Among the records that follow, find the line with "to drive home." and the line with "Une terrasse avec". Set down those lines and all lines between them exactly, without adding anything.

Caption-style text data

--

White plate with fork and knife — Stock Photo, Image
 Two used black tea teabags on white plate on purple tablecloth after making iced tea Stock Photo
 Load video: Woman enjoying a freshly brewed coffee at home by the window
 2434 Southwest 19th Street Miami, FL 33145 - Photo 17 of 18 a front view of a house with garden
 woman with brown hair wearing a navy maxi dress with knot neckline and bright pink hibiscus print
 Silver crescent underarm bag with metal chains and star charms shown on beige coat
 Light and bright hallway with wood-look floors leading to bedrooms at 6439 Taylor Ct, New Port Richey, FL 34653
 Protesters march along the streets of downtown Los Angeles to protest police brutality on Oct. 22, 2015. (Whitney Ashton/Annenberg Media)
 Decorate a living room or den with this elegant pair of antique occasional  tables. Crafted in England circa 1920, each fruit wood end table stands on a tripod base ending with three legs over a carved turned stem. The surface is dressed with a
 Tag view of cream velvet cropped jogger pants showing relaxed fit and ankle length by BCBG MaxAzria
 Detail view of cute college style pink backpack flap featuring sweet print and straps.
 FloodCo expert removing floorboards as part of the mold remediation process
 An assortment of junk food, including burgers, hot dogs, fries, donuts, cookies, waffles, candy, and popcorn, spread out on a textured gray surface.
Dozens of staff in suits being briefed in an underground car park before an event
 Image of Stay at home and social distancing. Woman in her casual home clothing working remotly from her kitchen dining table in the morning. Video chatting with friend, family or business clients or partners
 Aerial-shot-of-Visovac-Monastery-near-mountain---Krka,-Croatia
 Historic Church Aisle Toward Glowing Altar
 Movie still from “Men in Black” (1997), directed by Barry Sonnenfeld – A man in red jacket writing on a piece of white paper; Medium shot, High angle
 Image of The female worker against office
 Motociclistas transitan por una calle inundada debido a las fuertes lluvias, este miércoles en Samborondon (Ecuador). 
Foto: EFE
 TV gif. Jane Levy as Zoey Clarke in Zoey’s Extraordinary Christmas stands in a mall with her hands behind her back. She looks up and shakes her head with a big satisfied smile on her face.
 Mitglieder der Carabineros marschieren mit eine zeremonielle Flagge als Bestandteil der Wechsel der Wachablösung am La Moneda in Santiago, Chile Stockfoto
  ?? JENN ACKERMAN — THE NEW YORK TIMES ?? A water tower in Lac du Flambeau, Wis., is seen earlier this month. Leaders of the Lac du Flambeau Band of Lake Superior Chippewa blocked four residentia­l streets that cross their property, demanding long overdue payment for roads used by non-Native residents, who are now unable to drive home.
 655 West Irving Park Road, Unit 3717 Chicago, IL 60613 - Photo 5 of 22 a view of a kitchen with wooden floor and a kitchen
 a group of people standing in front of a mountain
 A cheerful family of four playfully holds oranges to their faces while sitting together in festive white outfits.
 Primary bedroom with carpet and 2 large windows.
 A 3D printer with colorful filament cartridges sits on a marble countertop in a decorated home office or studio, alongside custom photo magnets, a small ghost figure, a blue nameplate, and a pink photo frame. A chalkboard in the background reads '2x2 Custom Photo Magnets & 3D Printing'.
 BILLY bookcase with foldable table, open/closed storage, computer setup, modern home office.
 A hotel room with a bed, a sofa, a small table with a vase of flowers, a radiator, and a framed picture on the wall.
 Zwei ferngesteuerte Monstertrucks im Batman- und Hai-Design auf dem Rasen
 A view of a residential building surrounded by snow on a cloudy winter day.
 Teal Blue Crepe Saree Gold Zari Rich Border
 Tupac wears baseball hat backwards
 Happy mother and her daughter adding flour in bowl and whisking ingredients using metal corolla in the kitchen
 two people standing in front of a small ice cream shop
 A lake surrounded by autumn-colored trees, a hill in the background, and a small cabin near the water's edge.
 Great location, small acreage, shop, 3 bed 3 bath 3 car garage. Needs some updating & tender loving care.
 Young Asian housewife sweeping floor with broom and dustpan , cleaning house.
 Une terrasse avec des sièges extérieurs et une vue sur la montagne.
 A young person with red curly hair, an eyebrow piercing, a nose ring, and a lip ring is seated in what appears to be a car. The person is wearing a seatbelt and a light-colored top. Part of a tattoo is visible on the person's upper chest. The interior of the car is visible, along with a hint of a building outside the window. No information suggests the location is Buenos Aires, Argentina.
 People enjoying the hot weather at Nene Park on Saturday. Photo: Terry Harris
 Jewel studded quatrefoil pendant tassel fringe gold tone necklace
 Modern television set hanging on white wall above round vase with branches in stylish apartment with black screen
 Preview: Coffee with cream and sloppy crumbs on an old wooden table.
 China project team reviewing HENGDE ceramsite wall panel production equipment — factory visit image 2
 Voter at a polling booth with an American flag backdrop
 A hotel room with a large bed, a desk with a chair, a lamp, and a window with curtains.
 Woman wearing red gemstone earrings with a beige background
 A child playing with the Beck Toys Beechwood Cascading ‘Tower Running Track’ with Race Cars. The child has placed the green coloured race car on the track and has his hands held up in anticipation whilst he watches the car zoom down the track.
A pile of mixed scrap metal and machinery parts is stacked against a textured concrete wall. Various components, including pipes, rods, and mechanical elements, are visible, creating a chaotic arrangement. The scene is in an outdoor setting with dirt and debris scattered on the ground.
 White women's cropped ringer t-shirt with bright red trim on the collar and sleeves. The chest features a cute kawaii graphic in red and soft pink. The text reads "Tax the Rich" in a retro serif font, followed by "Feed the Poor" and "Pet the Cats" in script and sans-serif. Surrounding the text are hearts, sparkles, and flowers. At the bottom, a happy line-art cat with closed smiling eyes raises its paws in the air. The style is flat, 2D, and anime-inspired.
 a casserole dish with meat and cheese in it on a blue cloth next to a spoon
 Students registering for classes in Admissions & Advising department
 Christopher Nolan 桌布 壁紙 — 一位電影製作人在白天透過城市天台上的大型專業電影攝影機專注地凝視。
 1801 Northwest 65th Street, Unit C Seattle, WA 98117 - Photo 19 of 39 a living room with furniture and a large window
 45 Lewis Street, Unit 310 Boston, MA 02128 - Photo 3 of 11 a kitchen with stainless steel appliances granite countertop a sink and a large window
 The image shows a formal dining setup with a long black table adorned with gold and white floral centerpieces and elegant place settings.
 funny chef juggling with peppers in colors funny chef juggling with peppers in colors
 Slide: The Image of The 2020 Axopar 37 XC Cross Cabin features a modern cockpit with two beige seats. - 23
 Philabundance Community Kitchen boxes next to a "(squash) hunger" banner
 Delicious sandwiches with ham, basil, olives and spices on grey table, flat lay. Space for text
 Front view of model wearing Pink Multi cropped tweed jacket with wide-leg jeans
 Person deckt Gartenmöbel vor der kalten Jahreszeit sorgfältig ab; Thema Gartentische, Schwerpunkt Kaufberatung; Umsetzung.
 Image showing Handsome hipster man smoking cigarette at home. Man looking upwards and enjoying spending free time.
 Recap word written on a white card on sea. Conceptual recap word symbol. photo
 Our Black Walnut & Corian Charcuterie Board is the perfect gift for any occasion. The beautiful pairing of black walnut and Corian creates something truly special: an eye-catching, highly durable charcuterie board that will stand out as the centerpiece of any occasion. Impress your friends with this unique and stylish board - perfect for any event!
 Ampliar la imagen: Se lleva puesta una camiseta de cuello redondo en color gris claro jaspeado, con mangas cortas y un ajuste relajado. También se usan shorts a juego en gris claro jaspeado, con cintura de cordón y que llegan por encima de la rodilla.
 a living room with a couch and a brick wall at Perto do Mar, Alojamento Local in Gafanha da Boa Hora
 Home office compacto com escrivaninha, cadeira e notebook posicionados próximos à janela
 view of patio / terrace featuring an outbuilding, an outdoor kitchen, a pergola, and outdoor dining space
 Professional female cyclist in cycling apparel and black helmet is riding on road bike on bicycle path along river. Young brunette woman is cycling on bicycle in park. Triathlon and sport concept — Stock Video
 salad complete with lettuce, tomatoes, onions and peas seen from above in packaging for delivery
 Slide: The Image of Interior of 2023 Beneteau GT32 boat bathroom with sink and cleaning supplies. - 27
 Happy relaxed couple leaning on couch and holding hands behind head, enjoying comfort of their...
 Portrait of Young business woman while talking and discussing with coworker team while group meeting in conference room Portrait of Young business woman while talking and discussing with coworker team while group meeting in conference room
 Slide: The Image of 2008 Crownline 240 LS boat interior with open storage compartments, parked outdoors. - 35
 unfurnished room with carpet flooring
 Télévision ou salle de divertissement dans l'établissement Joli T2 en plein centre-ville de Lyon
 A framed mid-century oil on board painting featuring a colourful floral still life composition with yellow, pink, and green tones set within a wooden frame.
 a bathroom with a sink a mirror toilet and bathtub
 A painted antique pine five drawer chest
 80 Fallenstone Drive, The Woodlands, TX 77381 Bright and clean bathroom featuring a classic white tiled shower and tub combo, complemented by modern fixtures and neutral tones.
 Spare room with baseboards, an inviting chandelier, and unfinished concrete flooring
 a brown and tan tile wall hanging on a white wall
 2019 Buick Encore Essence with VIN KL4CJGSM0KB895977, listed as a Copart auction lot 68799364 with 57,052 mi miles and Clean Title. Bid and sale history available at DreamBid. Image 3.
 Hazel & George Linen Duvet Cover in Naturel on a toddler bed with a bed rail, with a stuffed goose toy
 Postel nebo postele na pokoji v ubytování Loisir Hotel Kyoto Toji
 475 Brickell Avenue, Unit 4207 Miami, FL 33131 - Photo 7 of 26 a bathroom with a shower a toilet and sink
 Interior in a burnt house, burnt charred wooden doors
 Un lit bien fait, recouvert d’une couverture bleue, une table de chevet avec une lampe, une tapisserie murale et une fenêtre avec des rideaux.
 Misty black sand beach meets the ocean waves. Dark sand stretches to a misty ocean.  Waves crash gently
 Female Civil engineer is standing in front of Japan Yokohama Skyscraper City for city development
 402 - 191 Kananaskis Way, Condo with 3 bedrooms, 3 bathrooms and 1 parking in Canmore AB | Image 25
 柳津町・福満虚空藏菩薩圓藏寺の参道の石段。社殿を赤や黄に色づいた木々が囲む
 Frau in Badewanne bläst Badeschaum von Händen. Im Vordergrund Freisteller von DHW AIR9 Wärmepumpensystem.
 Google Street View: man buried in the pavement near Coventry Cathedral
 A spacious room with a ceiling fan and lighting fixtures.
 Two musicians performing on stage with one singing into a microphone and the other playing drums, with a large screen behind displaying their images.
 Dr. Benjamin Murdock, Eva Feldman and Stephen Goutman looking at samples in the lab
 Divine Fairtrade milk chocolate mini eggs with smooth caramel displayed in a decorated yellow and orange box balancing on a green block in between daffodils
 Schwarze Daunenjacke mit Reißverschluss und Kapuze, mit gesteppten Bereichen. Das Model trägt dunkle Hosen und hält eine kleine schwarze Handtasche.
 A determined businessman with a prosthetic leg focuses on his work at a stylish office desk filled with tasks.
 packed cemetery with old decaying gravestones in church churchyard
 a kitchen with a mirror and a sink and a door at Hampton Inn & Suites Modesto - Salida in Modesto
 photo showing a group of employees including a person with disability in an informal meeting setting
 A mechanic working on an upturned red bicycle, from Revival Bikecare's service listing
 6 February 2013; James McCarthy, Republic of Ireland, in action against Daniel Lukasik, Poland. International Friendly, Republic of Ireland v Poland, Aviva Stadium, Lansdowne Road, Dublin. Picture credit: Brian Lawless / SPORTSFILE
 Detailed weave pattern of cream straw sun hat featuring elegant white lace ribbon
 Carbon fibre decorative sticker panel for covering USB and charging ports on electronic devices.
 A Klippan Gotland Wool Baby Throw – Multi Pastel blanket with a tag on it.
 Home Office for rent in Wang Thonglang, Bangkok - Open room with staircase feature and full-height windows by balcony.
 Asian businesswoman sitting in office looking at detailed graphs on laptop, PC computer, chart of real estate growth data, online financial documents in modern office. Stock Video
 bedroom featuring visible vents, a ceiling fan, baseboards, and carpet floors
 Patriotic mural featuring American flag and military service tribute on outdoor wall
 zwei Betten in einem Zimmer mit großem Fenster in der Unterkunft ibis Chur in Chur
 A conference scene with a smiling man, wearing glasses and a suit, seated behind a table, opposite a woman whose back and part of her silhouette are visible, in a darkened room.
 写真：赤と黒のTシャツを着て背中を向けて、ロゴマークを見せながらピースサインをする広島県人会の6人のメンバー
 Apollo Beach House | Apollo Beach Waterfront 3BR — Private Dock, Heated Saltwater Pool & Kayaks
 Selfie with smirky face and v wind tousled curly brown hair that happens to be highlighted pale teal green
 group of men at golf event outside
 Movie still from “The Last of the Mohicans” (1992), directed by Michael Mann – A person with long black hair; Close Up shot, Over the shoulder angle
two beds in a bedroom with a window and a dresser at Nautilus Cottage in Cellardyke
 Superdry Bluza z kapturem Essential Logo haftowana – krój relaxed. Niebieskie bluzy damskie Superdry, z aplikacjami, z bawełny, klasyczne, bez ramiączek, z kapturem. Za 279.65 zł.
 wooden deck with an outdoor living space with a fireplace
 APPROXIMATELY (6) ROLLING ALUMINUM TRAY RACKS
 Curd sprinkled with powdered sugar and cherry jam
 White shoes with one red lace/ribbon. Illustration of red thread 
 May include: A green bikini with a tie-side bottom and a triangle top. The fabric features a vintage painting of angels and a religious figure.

--

TASK OUTPUT:
  ?? JENN ACKERMAN — THE NEW YORK TIMES ?? A water tower in Lac du Flambeau, Wis., is seen earlier this month. Leaders of the Lac du Flambeau Band of Lake Superior Chippewa blocked four residentia­l streets that cross their property, demanding long overdue payment for roads used by non-Native residents, who are now unable to drive home.
 655 West Irving Park Road, Unit 3717 Chicago, IL 60613 - Photo 5 of 22 a view of a kitchen with wooden floor and a kitchen
 a group of people standing in front of a mountain
 A cheerful family of four playfully holds oranges to their faces while sitting together in festive white outfits.
 Primary bedroom with carpet and 2 large windows.
 A 3D printer with colorful filament cartridges sits on a marble countertop in a decorated home office or studio, alongside custom photo magnets, a small ghost figure, a blue nameplate, and a pink photo frame. A chalkboard in the background reads '2x2 Custom Photo Magnets & 3D Printing'.
 BILLY bookcase with foldable table, open/closed storage, computer setup, modern home office.
 A hotel room with a bed, a sofa, a small table with a vase of flowers, a radiator, and a framed picture on the wall.
 Zwei ferngesteuerte Monstertrucks im Batman- und Hai-Design auf dem Rasen
 A view of a residential building surrounded by snow on a cloudy winter day.
 Teal Blue Crepe Saree Gold Zari Rich Border
 Tupac wears baseball hat backwards
 Happy mother and her daughter adding flour in bowl and whisking ingredients using metal corolla in the kitchen
 two people standing in front of a small ice cream shop
 A lake surrounded by autumn-colored trees, a hill in the background, and a small cabin near the water's edge.
 Great location, small acreage, shop, 3 bed 3 bath 3 car garage. Needs some updating & tender loving care.
 Young Asian housewife sweeping floor with broom and dustpan , cleaning house.
 Une terrasse avec des sièges extérieurs et une vue sur la montagne.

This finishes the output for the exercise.